Agora, os juízes conselheiros consideraram que, afinal, não estão reunidos os pressupostos para que tal aconteça. Desde logo, por não estar demonstrado que o progenitor biológico põe em perigo a criança, não se interessa por esta, ou não tem "capacidade para assumir o papel de pai".

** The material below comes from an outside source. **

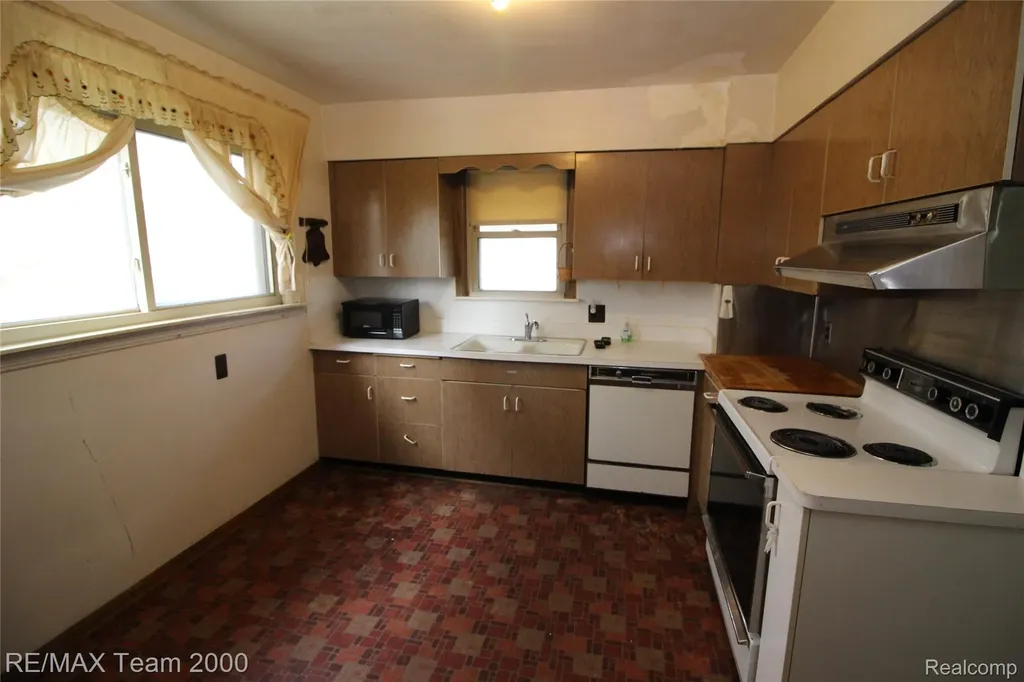6115 Hartwell Street Dearborn City MI 48126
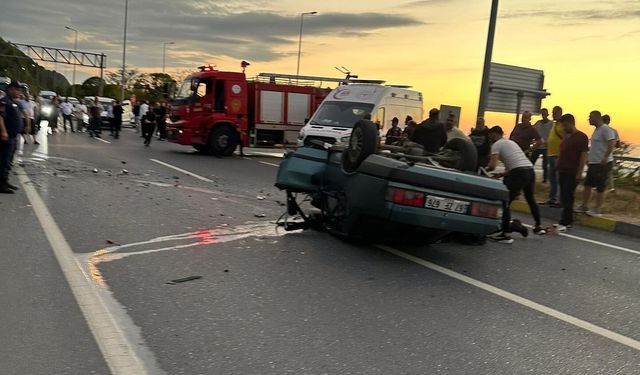 Feci kaza: Jandarma aracına çarpıp takla attı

"[A relação afetiva] não foi criada, não porque o pai biológico não queira mas por razões que são estranhas à sua vontade e que se prendem, inicialmente, com o monopólio da ação da mãe e, depois, com o monopólio da ação do Estado, ou seja, o processo a que subsequentemente, foi sujeito o caso [da criança]. Não fosse um contexto tão adverso e seria bem possível - tem de equacionar-se esta hipótese - que existisse hoje uma ligação afetiva sólida e saudável entre o pai e a criança", sustentam, no acórdão, os juízes conselheiros.
Pobreza não "legitima"
Os magistrados rejeitam, ainda, que a decisão seja legitimada com a comparação entre a situação sócio-económica da família de acolhimento - formada por pai, mãe e três filhos entre os 11 e os 23 anos, e apoiada por uma empregada doméstica de longa data - e do progenitor biológico do menino, com cerca de 30 anos, trabalhador da construção civil, atualmente desempregado e cuidador em permanência do pai acamado, com quem reside a par de um irmão, numa casa que neste momento não tem, segundo a Segurança Social, condições para acolher uma criança.

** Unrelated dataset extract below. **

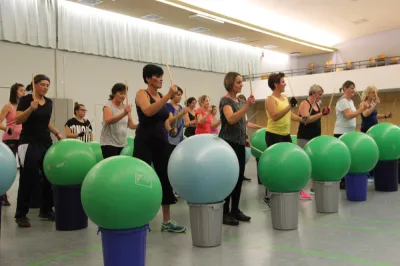 Aerobic Frauen Montag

O homem já garantiu estar disposto a fazer todas as alterações que forem necessárias e a ser acompanhado.
"O facto de a família adotiva apresentar uma situação sócio-económica mais favorável não pode justificar, sem mais, a decisão de entrega da criança à família adotiva, com preterição da sua família biológica", sustentam os juízes, invocando um acórdão, datado de 2016, do Tribunal Europeu dos Direitos Humanos, e lembrando que em causa estão medidas "irreversíveis", "demasiado duras" ou "demasiado drásticas".

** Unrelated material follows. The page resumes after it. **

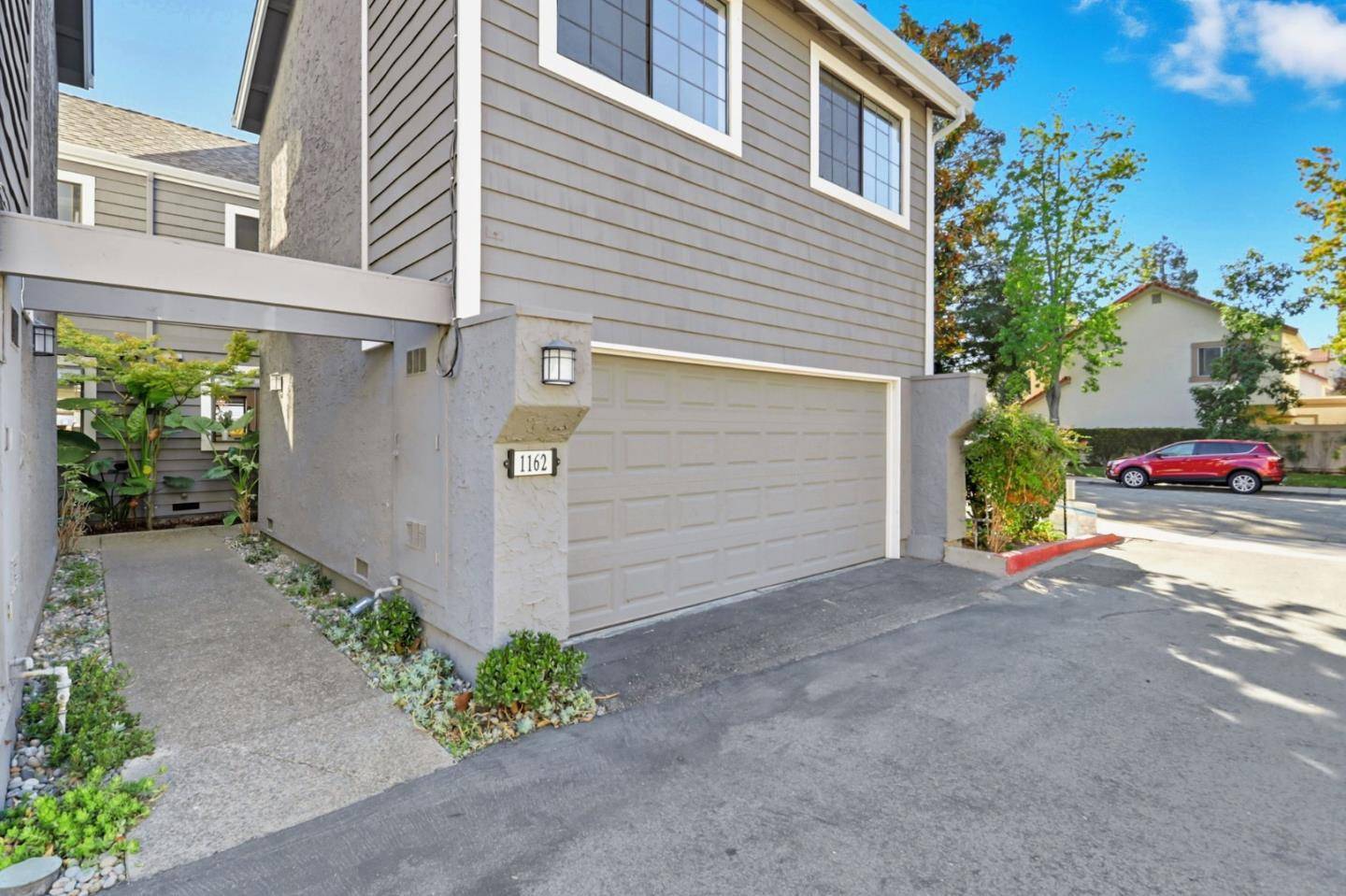 Campbell, CA 95008,1162 Capri Drive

"Não se nega que, atualmente, de acordo com os factos assentes, não estão reunidas as condições para que a criança seja entregue ao pai biológico. Sucede que tão-pouco estão reunidas condições para que se exclua já, de uma forma tão absoluta e definitiva, a hipótese de o pai biológico ter e manter uma ligação com a criança. Não há factos que atestem com segurança que inexistem ou que se encontram seriamente comprometidos os vínculos afetivos próprios da filiação pela simples razão de que não foi feita uma tentativa séria para que isso pudesse ser verificado", resumem Catarina Serra, Rijo Ferreira e Cura Mariano.
Os magistrados ordenaram, por isso, a que o processo regresse ao Tribunal da Relação de Lisboa para que este atue em conformidade com o que foi agora decidido pelo Supremo Tribunal de Justiça.